WHAT YOU ARE ASKED TO DO: Beneath this line are the data; copy exactly the part of them that opens with the line containing "BROOKS GHOST 17 Scarpa running uomo bianca" and closes with the line containing "Mercedes CLA W118", and only that part.

INPUT DATA:

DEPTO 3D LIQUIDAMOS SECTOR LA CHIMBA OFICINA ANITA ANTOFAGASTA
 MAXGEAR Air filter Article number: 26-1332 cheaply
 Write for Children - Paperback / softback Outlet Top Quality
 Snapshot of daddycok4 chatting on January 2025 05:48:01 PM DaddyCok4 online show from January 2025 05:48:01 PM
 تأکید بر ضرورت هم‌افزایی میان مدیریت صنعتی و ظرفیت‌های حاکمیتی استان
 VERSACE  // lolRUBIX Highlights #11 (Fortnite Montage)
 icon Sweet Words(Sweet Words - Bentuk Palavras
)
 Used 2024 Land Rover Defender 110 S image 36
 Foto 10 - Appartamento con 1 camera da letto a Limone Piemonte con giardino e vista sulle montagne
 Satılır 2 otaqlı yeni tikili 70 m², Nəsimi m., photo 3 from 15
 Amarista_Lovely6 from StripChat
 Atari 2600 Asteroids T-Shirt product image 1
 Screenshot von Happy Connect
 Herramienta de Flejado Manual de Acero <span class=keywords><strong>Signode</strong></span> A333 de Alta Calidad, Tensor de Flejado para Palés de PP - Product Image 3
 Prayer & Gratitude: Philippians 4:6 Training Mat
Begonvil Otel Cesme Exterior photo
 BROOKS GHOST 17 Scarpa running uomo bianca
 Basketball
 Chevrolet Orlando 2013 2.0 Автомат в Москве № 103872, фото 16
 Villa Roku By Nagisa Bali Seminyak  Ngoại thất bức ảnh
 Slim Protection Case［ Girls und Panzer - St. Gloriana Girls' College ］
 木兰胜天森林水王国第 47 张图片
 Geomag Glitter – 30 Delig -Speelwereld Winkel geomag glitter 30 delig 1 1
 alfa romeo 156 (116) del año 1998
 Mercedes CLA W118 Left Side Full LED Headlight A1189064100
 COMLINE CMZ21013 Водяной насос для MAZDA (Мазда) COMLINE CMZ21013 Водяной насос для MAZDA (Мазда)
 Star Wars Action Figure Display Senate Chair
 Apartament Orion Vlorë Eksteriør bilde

SOLVED PROBLEM:
 BROOKS GHOST 17 Scarpa running uomo bianca
 Basketball
 Chevrolet Orlando 2013 2.0 Автомат в Москве № 103872, фото 16
 Villa Roku By Nagisa Bali Seminyak  Ngoại thất bức ảnh
 Slim Protection Case［ Girls und Panzer - St. Gloriana Girls' College ］
 木兰胜天森林水王国第 47 张图片
 Geomag Glitter – 30 Delig -Speelwereld Winkel geomag glitter 30 delig 1 1
 alfa romeo 156 (116) del año 1998
 Mercedes CLA W118 Left Side Full LED Headlight A1189064100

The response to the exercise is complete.